当社で技術を身につける方法として、正社員として入社し、給料を受け取りながら研修施設で学ぶ仕組みがあります。これを当社では『実務×スクール育成制度』と呼んでいます。これは長く活躍できるキャリアを目指せる働き方です。石川、福井、富山にある「AOCテクニカルセンター(ATC)」で、実機(実際の機械)を使いながら、約1.5ヶ月の長期研修を行います(現在、愛知エリアにも研修施設の増設を予定しています)。

学ぶ段階
研修で身につける技術
現場でどう役立つか
安全について
電気の正しい扱い方や、事故を防ぐための基本的な知識を学びます。
ケガを防ぎ、安全に作業を進めるための準備を整えます。
電気の基礎
電気の通り道である回路図の書き方や、電気を測る道具の使い方を覚えます。
機械が止まったとき、電気のどこがおかしいかを見つける力がつきます。
装置の点検
精密な機械の部品を外し、きれいに掃除して元に戻す手順を学びます。
工場の中の主要な機械を、長く正確に動かし続けるために役立ちます。
機械の調整
チェーンやベルトなどの部品を分解し、長さを測って正確に組み立てます。
部品がすり減ったときに交換し、機械の動きを元通りに直す技術が身につきます。

当社では、テレビ、冷蔵庫、洗濯機、エアコンなどの生活家電が備え付けられた「家電付きのワンルーム寮(1R・1K)」を用意している案件もあります。敷金・礼金は不要で、即日就業・即日入居に対応している求人もあるため、費用を抑えて新しい土地での生活と技術者への一歩をスタートすることができます。

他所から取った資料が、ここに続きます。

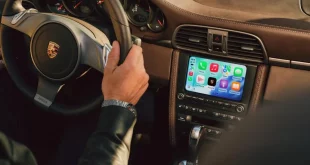 Apple CarPlay บนหน้าจอ PCCM Plus ที่ติดตั้งในคอนโซล Porsche พร้อมพวงมาลัยและผู้ขับขี่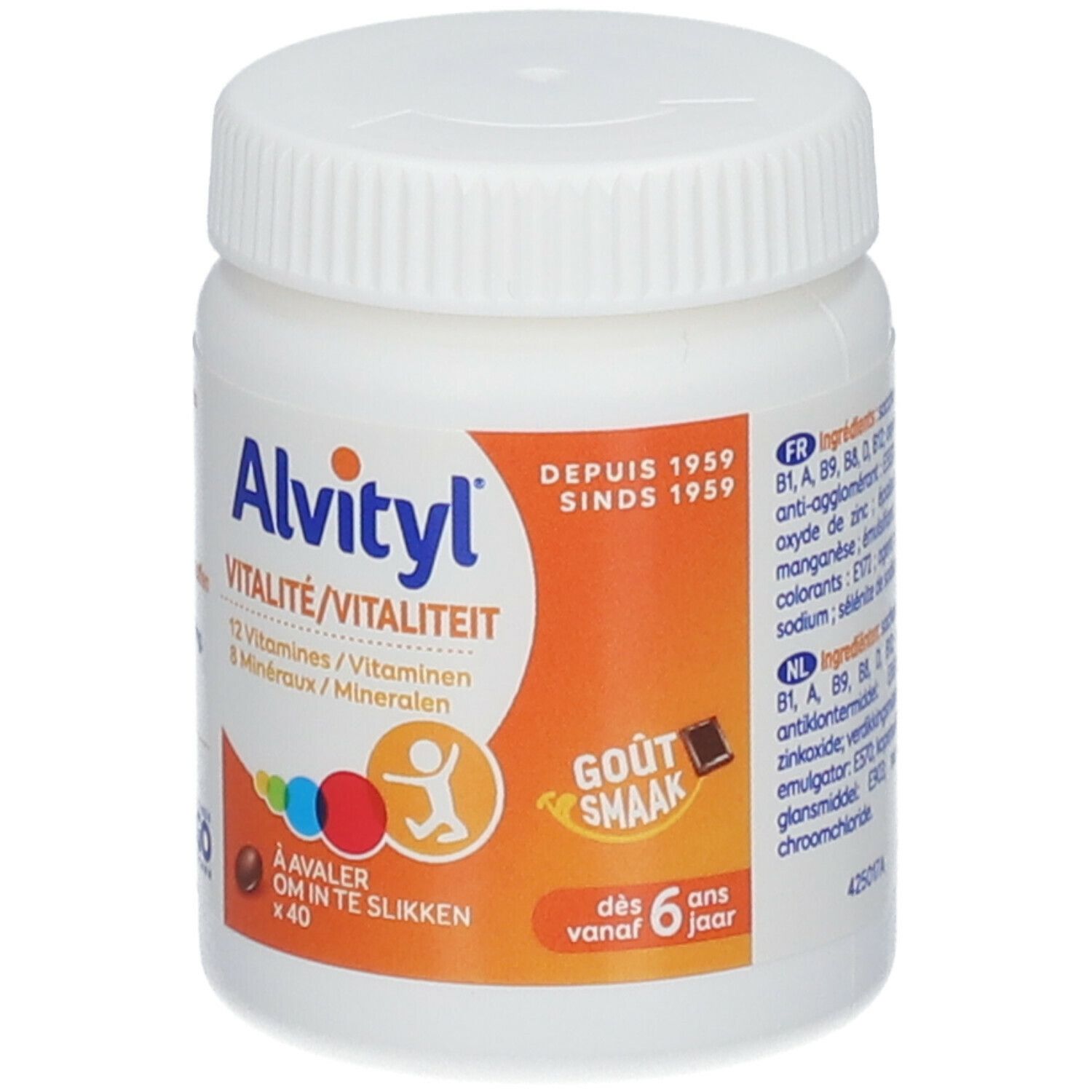 Weiße Flasche Alvityl Vitalität. Enthält 12 Vitamine und 8 Mineralien. Mit Schraubverschluss. Ab 6 Jahren.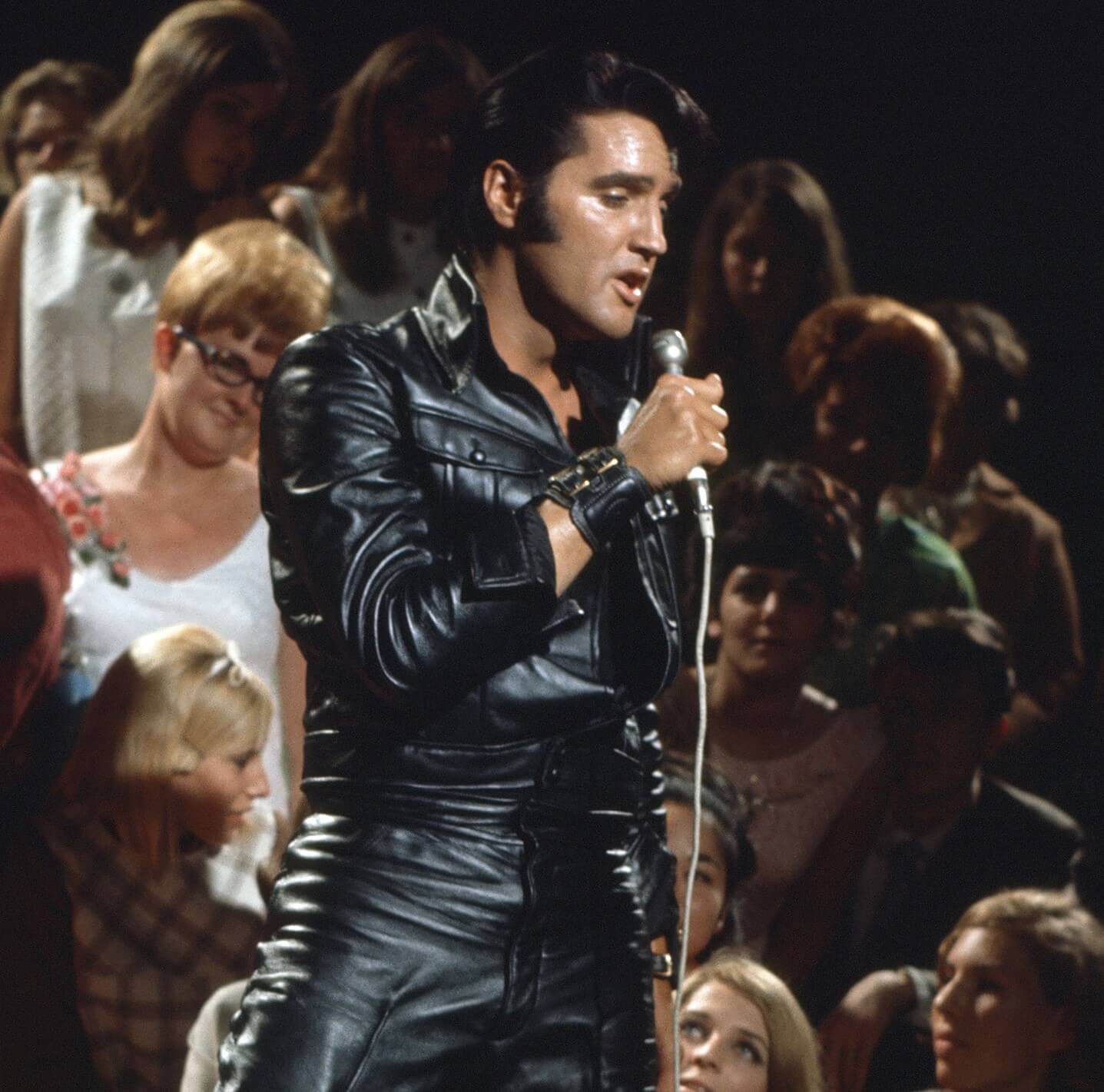 Elvis Presley Singing In The Ghetto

当社では、未経験からでも段階的に技術を身につけ、現場で活躍できるエンジニアの育成に取り組んでいます。当社の研修内容や具体的なキャリアパスについては、以下のページにてご確認いただくことができます。

【当社で長く活かせるエンジニアの技術を身につけませんか?】

給与をもらいながら学べる「実務×スクール育成制度」と実践的な研修設備で
あなたのキャリアチェンジをサポートします。

ルーティンワークの転職に関するよくある質問

異業種・未経験からの転職は年齢的に厳しいですか?

技術を扱う仕事では、年齢そのものよりも、新しく学ぶ意欲や、仕事に向き合う姿勢が評価されるケースが多く見られます。当社では、意欲のある方を歓迎し、応募者が過去の困難にどう対処したかや、どのような姿勢で業務に取り組むのか(仕事への向き合い方や学ぶ意欲)を重視しています。今まで触れたことのない技術であっても、現状にとどまることなく学ぼうとする姿勢を見せることができれば、キャリアを変える大きな一歩になります。

転職先でもまた仕事に飽きてしまわないか不安です

機械を守る保全の仕事は、毎日違う不具合と向き合うことになります。機械が止まる原因はいつも同じではありません。なぜ動かないのか仮説を立て、目で見て触って確かめる作業が続きます。できることが増えるほど、任される作業も少しずつ難しくなるため、変化に対応し続ける環境です。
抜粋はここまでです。